The flurry of messages sent by al-Zawahiri to various parties over the previous months have many implications, the most prominent of them are the following:
1- Halting its decline: These messages are an attempt by al-Zawahiri to compensate for the retreat and decline of al-Qaeda in Syria (previously al-Nusra Front) amid the marked advance of the Syrian regime forces which are gearing for military intervention in Idlib despite the understandings concluded between Russia and Turkey in coordination with Iran, the latest of which is the Sochi agreement between Moscow and Ankara in 17 September 2017. The agreement provides for establishing a 15-to-20-kilometers-deep demilitarized zone, the withdrawal of all radical groups from the area, and pulling out the tanks, rocket launchers, and mortars of the warring parties before 10 October. Terrorist and armed organizations have already begun withdrawing their weapons from that area before the deadline expires.

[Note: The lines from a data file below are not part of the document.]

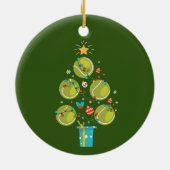 Tennis Kerstmis met tennisbal Keramisch Ornament (Achterkant)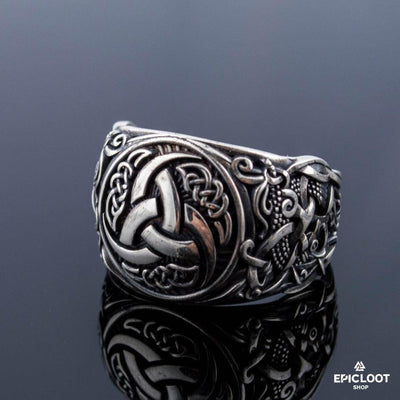 Anello con Simbolo dei Tre Corni in Argento 925 Mammen Design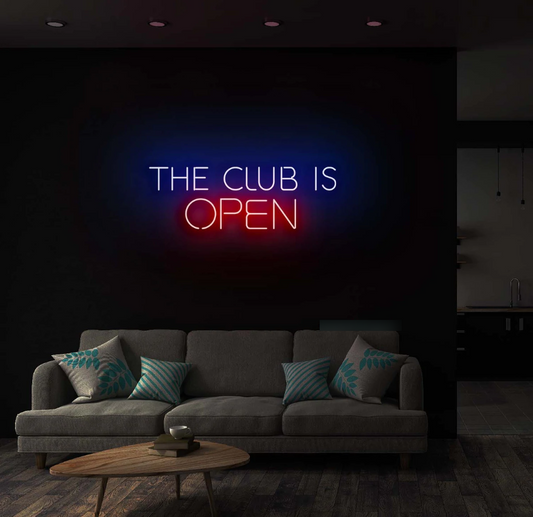 'The Club Is Open' Neon Sign - 50cm/75cm/100cm - mancavesuperstore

This prompted numerous estimates to indicate that al-Zawahiri, through these messages, has sought to urge the organization cadres and members in Syria to endure the pressure they are facing, lest some of them defect from the organization and join other terrorist and armed organizations in the region.
2- Reinforcing its role: These messages may be part of al-Zawahiri’s efforts to cement his role as the leader of the terrorist organization, which puts itself on top of the list of terrorist organizations worldwide. This is gains added importance to al-Qaeda, amid the mounting rivalry with other organizations, primarily ISIS, as evident in its criticisms of the latter and its leaders, revealing the widening ideological differences between al-Zawahiri and Abu Bakr al-Baghdadi.

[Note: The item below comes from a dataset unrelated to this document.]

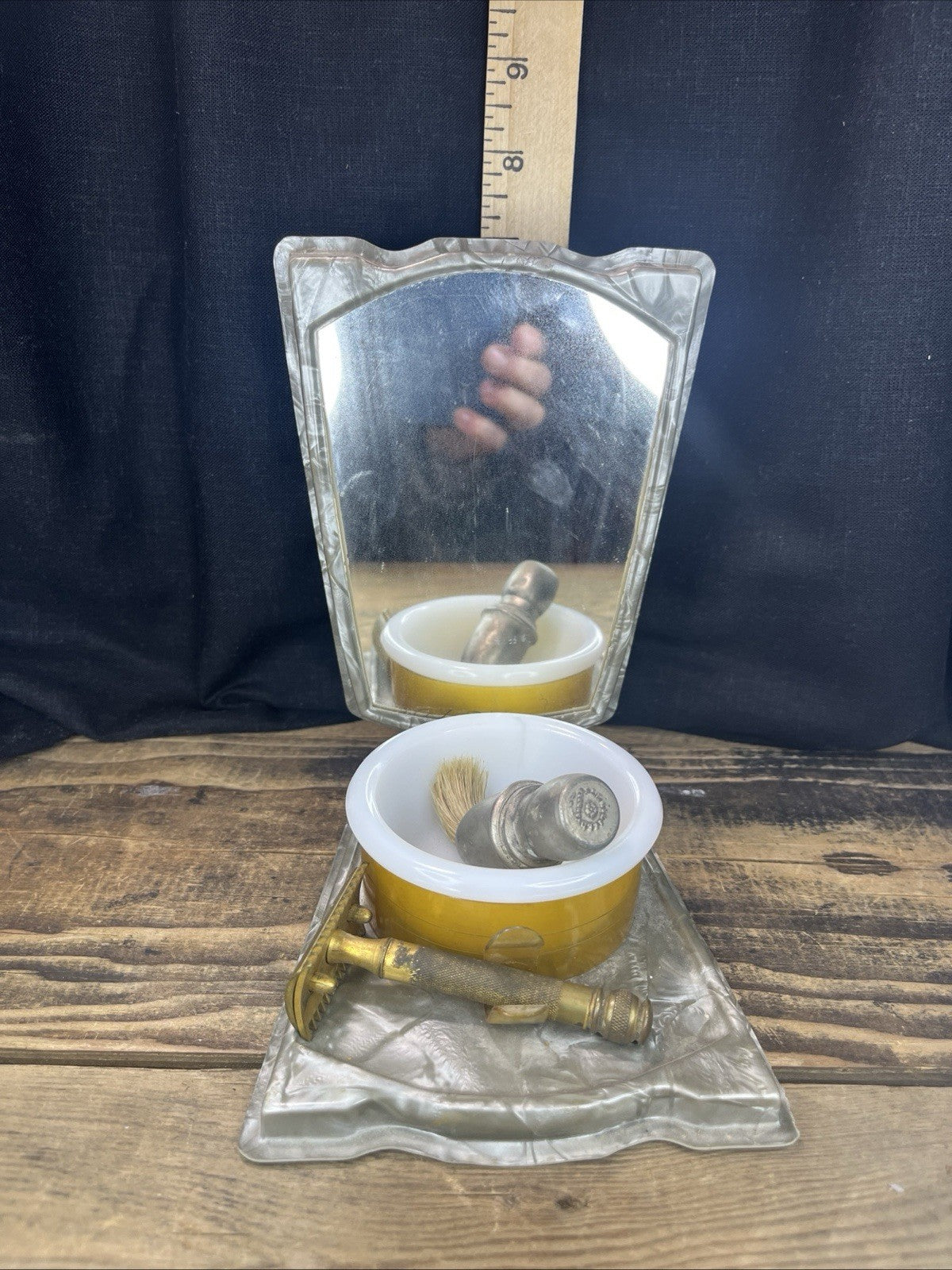 Vintage Collapsible Shaving Mirror, Razor & Brush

Other estimates argue that bolstering the role does not stem only from the ongoing rivalry between al-Qaeda and ISIS, but also from the internal balance of power within the former, where the attempts of some sub-leaders within it to enhance their influence seem to clash with al-Zawahiri’s vision for his position in the organization.

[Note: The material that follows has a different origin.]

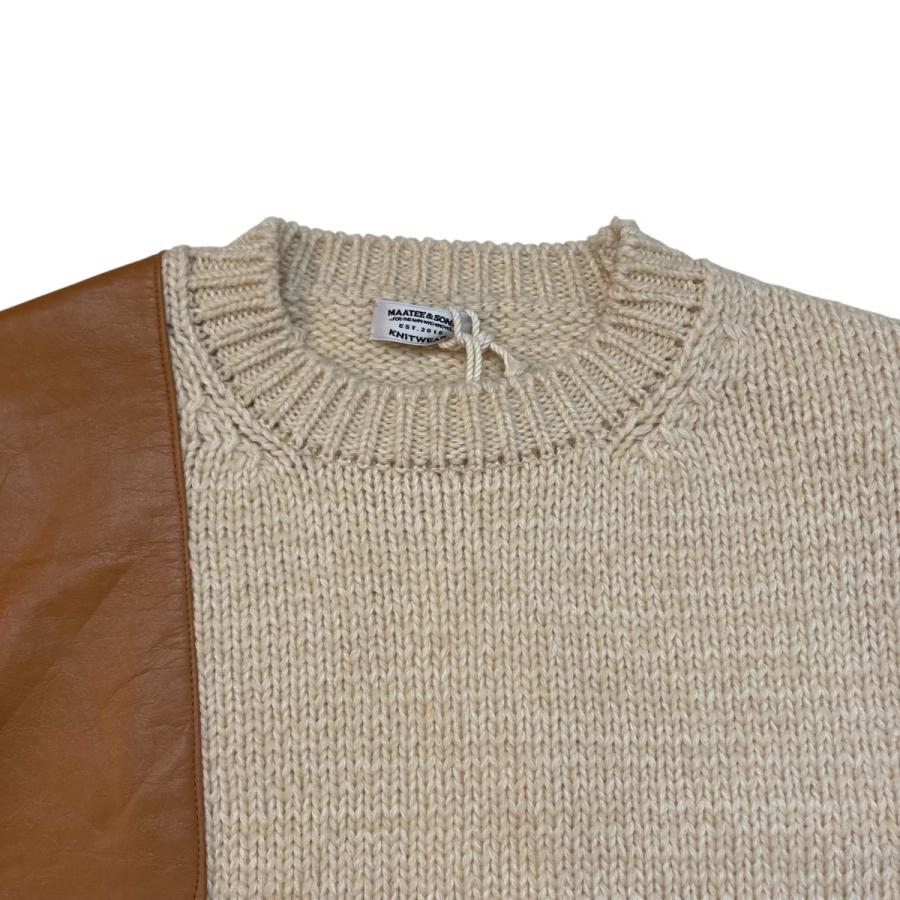 マーティー 【値下げ】MAATEE＆SONS LEATER PATCH P O SWEATER レザー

That is why al-Zawahiri seeks to support the establishment of the pro-al-Qaeda’s Guardians of Religion Organization in Syria, following the moves by al-Nusra-Front, which changed its name to Fatah al-Sham Front and then to Hay'at Tahrir al Sham after joining the coalition of several terrorist organizations. This cannot be separated from the fears voiced by leaders in the parent organization over the prospect that Abu Mohammed al-Julani, leader of al-Nusra Front, may split from the organization and lead al-Nusra Front alone.
Notably, six groups announced their defection from al-Nusra Front, in September 6, and joined the Guardians of Religion organization, which includes cadres and members who have previously opposed the policies pursued by al-Nusra Front in dealing with the field developments in Syria.
3- Continuing competition: Through such messages, al-Zawahiri seeks to strengthen the organization’s ability to attract the largest possible number of terrorists, amid the significant decline in ISIS’s activity and influence in the areas it controlled in the past period. That may help explain why al-Zawahiri supports other terrorist organizations, such as Harakat al-Shabaab al-Mujahideen in Somalia and Jama’at Nusrat al-Islam wal-Muslimin (JNIM) in the Sahel and the Sahara region.
4- Imbalance: The developments in the regional arena have left the leadership of the organization with limited options, leading to the decline of its influence over sub-organizations, particularly in light of the increasing influence of the sub-organization’s leaders, such as al-Julani, Abdelmalek Droukdel and Qasim al-Raymi. This variable is having a growing impact due to the influence the branches wield on the organization, which relied heavily on them during the past period.
In conclusion, the recent flurry of messages reveals the mounting pressures on the organization, and a decline in its ability to contain the ensuing repercussions, which could prompt sub-groups and leaders to split and form rival organizations or join the existing ones.